Médecins spécialistes : la Cnam s’inquiète de la hausse « significative » des dépassements d’honoraires
Le montant total des dépassements d’honoraires facturés par les médecins a atteint 4.5 milliards d’euros en 2024, soit une hausse de 7% par an depuis 2021, relève la Cnam dans son rapport Charges et produits pour 2026.
Par Aveline Marques

Il y a un avant et un après Covid. Le montant total des dépassements d’honoraires facturés par les médecins, qui s’élevait à 3.5 milliards d’euros en 2019, a augmenté de 7% par an depuis 2020, pour atteindre 4.5 milliards d’euros en 2024, pointe la Cnam dans son rapport Charges et produits pour 2026. « Si une hausse des dépassements a pu être activée par les médecins de secteur 2 pour compenser via leurs tarifs en 2021 la perte d’activité de 2020, puis du fait de la forte inflation de 2022 et 2023, l’accélération constatée depuis est significative », relève le rapport.

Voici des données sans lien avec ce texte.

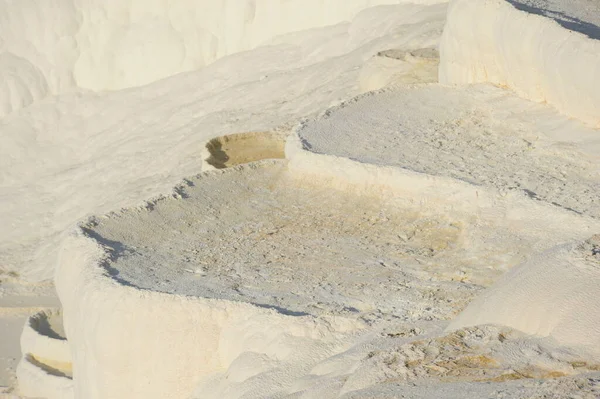 Pamukkale Uhličitanové Minerály Geologie — Stock fotografie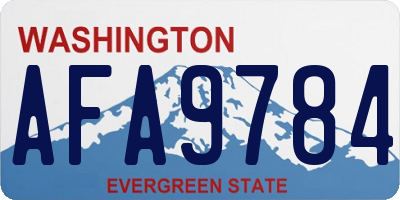WA license plate AFA9784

En outre, les taux d’installation en secteur 2 « restent élevés et ont globalement augmenté », rapporte la caisse : 74% des nouvelles installations se sont faites en secteur 2 en 2024, contre 64% en 2017. Toutes sécialités confondues, 56% des spécialistes exercent désormais en secteur 2, contre 37% en 2000.

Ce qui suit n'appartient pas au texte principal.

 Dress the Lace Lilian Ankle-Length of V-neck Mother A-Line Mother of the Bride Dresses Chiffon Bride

Si la mise en place de l’Optam a permis de stabiliser la part des dépassements dans les honoraires des spécialistes autour de 15.5% jusqu’en 2020, depuis elle a fortement progressé, pour atteindre 17.7% en 2023. Résultat : le taux de reste à charge des ménages pour les soins spécialisés, qui avait « fortement diminué » entre 2017 et 2021, passant de 12.4% à 9.8%, a de nouveau augmenté, s’élevant à 11.1% en 2023.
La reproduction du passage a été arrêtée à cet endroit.